== Extracted material
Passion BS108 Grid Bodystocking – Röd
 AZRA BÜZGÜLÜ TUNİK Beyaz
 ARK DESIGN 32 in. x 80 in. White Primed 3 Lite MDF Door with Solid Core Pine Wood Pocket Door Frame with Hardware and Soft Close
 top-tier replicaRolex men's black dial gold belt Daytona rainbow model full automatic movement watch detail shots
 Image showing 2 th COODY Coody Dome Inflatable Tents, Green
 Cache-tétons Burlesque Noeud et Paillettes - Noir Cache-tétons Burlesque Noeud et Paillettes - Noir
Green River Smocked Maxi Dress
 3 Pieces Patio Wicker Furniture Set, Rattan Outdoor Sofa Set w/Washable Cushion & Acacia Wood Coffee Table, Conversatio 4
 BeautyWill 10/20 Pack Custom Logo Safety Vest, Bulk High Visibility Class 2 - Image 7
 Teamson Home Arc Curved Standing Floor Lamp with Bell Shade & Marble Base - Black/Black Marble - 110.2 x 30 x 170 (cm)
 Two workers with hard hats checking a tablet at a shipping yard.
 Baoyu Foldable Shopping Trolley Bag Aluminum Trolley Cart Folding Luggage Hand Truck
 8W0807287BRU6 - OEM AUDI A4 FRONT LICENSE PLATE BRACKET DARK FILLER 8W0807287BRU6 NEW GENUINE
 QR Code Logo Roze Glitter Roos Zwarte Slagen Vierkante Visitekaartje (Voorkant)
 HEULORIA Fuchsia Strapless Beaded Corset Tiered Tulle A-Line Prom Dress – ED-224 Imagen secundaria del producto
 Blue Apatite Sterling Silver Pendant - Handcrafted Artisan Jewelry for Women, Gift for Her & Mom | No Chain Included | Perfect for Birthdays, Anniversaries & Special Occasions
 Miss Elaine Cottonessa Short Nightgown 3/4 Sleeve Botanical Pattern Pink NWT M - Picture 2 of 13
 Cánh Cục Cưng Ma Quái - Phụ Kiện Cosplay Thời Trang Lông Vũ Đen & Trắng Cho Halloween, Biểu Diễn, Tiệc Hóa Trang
====
Print out every entry, keeping each one exact.

Passion BS108 Grid Bodystocking – Röd
 AZRA BÜZGÜLÜ TUNİK Beyaz
 ARK DESIGN 32 in. x 80 in. White Primed 3 Lite MDF Door with Solid Core Pine Wood Pocket Door Frame with Hardware and Soft Close
 top-tier replicaRolex men's black dial gold belt Daytona rainbow model full automatic movement watch detail shots
 Image showing 2 th COODY Coody Dome Inflatable Tents, Green
 Cache-tétons Burlesque Noeud et Paillettes - Noir Cache-tétons Burlesque Noeud et Paillettes - Noir
Green River Smocked Maxi Dress
 3 Pieces Patio Wicker Furniture Set, Rattan Outdoor Sofa Set w/Washable Cushion & Acacia Wood Coffee Table, Conversatio 4
 BeautyWill 10/20 Pack Custom Logo Safety Vest, Bulk High Visibility Class 2 - Image 7
 Teamson Home Arc Curved Standing Floor Lamp with Bell Shade & Marble Base - Black/Black Marble - 110.2 x 30 x 170 (cm)
 Two workers with hard hats checking a tablet at a shipping yard.
 Baoyu Foldable Shopping Trolley Bag Aluminum Trolley Cart Folding Luggage Hand Truck
 8W0807287BRU6 - OEM AUDI A4 FRONT LICENSE PLATE BRACKET DARK FILLER 8W0807287BRU6 NEW GENUINE
 QR Code Logo Roze Glitter Roos Zwarte Slagen Vierkante Visitekaartje (Voorkant)
 HEULORIA Fuchsia Strapless Beaded Corset Tiered Tulle A-Line Prom Dress – ED-224 Imagen secundaria del producto
 Blue Apatite Sterling Silver Pendant - Handcrafted Artisan Jewelry for Women, Gift for Her & Mom | No Chain Included | Perfect for Birthdays, Anniversaries & Special Occasions
 Miss Elaine Cottonessa Short Nightgown 3/4 Sleeve Botanical Pattern Pink NWT M - Picture 2 of 13
 Cánh Cục Cưng Ma Quái - Phụ Kiện Cosplay Thời Trang Lông Vũ Đen & Trắng Cho Halloween, Biểu Diễn, Tiệc Hóa Trang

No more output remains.